* **Work to complete**
Only the lines from the opening of the material through the line bearing "Stainless steel insert" should be reproduced, exactly and without pictures.

____ Dataset excerpt

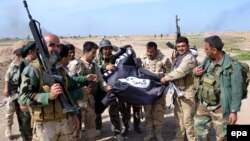 Iraqi Kurdish Peshmerga soldiers hold a flag belonging to the Islamic State militant group after they regained control of an area west of Kirkuk in March 2015.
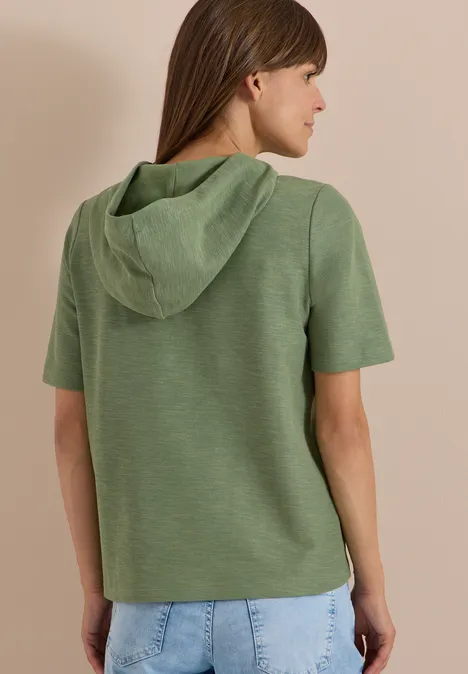 Kurzarm Shirt mit Kapuze und Wording deep matcha green Eine Frau von hinten in grünem Kurzarm-Hoodie und hellblauen Jeans vor hellem Hintergrund.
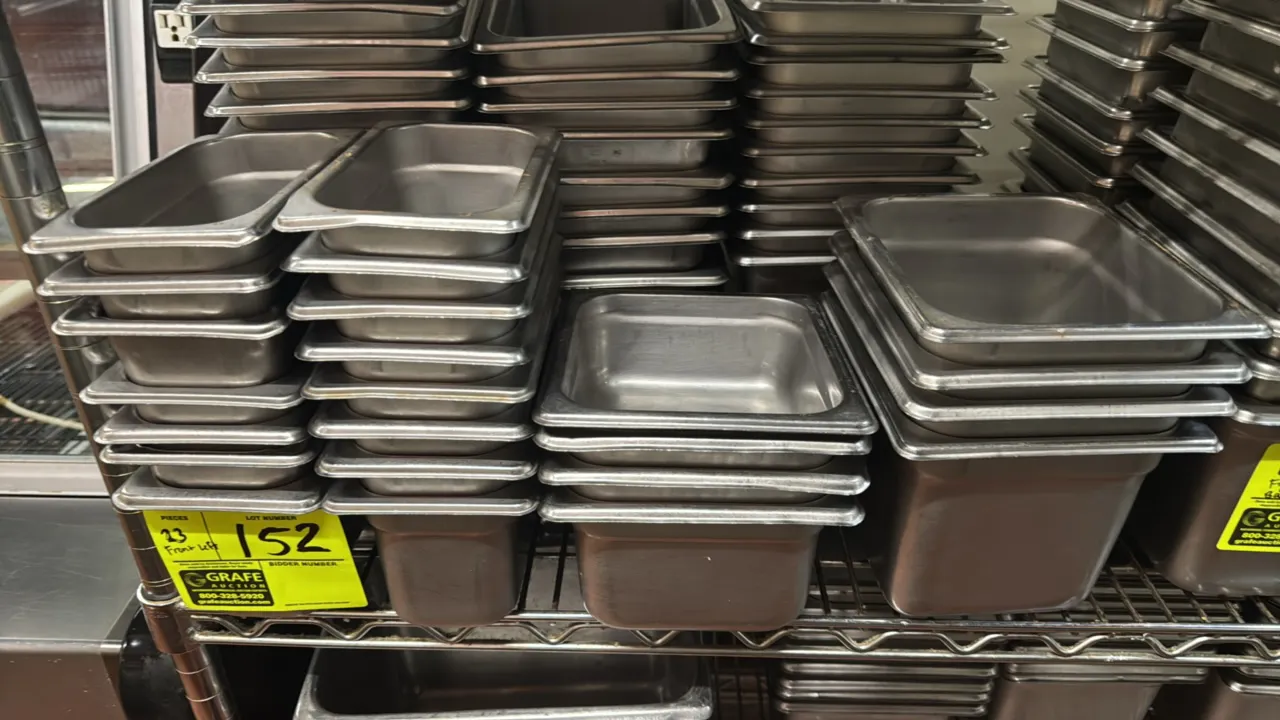 Stainless steel insert pans. Features an assortment of 1/9-size and 1/6-size pans. Depths range from 2" to 6". Shelving and surrounding items not incl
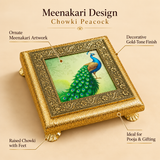 Feature image of Meenakari Design Chowki Peacock highlighting the elegant handcrafted square chowki with embossed floral border, gold-toned finish, decorative raised legs, and vibrant peacock artwork in the center, designed for festive decor, gifting, and pooja presentation.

________

* **Result of the task**
 Iraqi Kurdish Peshmerga soldiers hold a flag belonging to the Islamic State militant group after they regained control of an area west of Kirkuk in March 2015.
 Kurzarm Shirt mit Kapuze und Wording deep matcha green Eine Frau von hinten in grünem Kurzarm-Hoodie und hellblauen Jeans vor hellem Hintergrund.
 Stainless steel insert pans. Features an assortment of 1/9-size and 1/6-size pans. Depths range from 2" to 6". Shelving and surrounding items not incl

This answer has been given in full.